AP Photo/Ross D. Franklin, File

Indian Country Today, an online publication billed as the largest news site covering tribes and indigenous people across North America, announced Wednesday it is relocating its operation to Arizona State University.

The outlet, which started out as a weekly newspaper in 1981, said in a news release it will move this summer from Washington, D.C., to the Walter Cronkite School of Journalism and Mass Communication in Phoenix. A digital team, however, will remain in Washington.

The change in setting also will allow the site to create a national TV news program specifically for Native Americans using Native American talent.

Cronkite Dean Christopher Callahan praised the move. Callahan said the school wants to bolster coverage of Native communities as well as the number of Native journalism students. Stories about tribal issues sometimes are ignored or reported without proper understanding, he said.

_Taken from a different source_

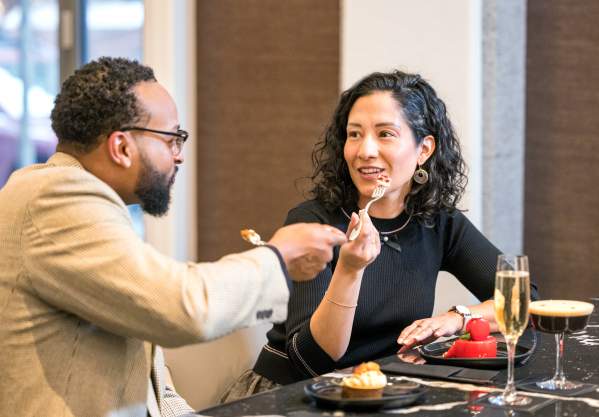 Two people dining at Trifecta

"We are delighted that Indian Country Today, the iconic and influential news site, will be coming to Cronkite," he said in a statement.

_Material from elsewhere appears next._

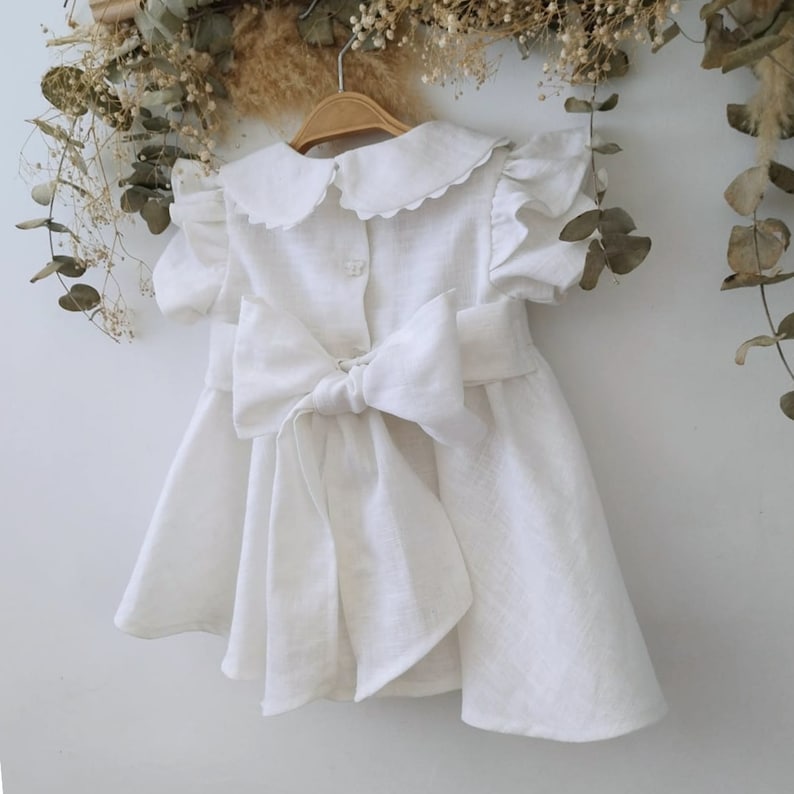 Puede incluir: Vestido blanco de lino con un gran lazo en la espalda y un cuello festoneado.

In addition, Cronkite also is searching for someone to serve a first-ever professorship on Native Americans and the news media.

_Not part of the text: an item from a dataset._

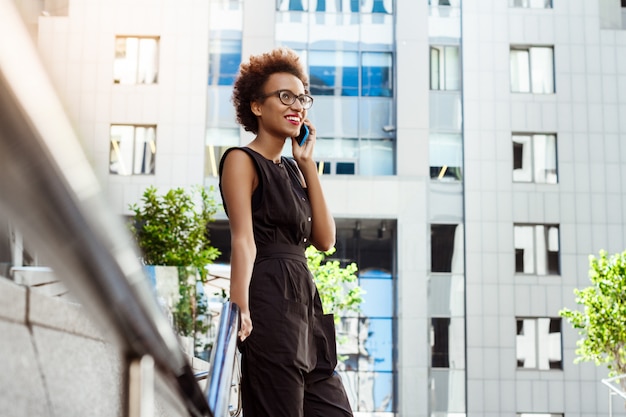 Het mooie vrouw glimlachen die op telefoon spreekt die door stad loopt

Indian Country Today was on the brink of shutting down before the National Congress of American Indians took it over in February 2018. The news site was relaunched under the leadership of Mark Trahant, who called the partnership with Cronkite "game-changing."

The partnership is the latest of several initiatives at Cronkite. The school also is expanding coverage of the U.S.-Mexico border. Last month, "PBS NewsHour" announced plans for a western news bureau inside the journalism school.

The nightly news broadcast will tape a program to cater to West Coast audiences. The show will have a six-person team, including a correspondent serving as an anchor.